__Available data__.
● ● ● ● ● ● ●
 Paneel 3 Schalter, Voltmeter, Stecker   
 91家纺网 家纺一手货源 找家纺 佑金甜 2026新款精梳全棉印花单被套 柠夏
● ● ● ● ● ● ●
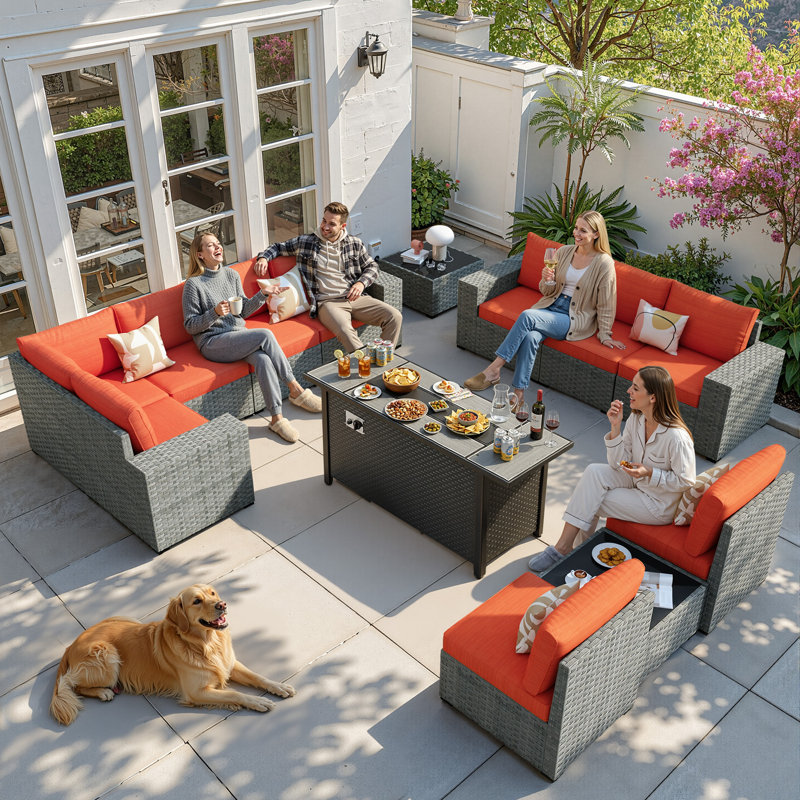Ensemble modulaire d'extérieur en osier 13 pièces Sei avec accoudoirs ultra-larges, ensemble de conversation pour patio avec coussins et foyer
● ● ● ● ● ● ●
__Task directions__.
When you reach the line with "Paneel 3 Schalter, Voltmeter, Stecker" in the records above, start writing out lines exactly, and stop once the line with "91家纺网 家纺一手货源 找家纺 佑金甜 2026新款精梳全棉印花单被套 柠夏" has been written; include nothing else.

__The completed task__.
 Paneel 3 Schalter, Voltmeter, Stecker   
 91家纺网 家纺一手货源 找家纺 佑金甜 2026新款精梳全棉印花单被套 柠夏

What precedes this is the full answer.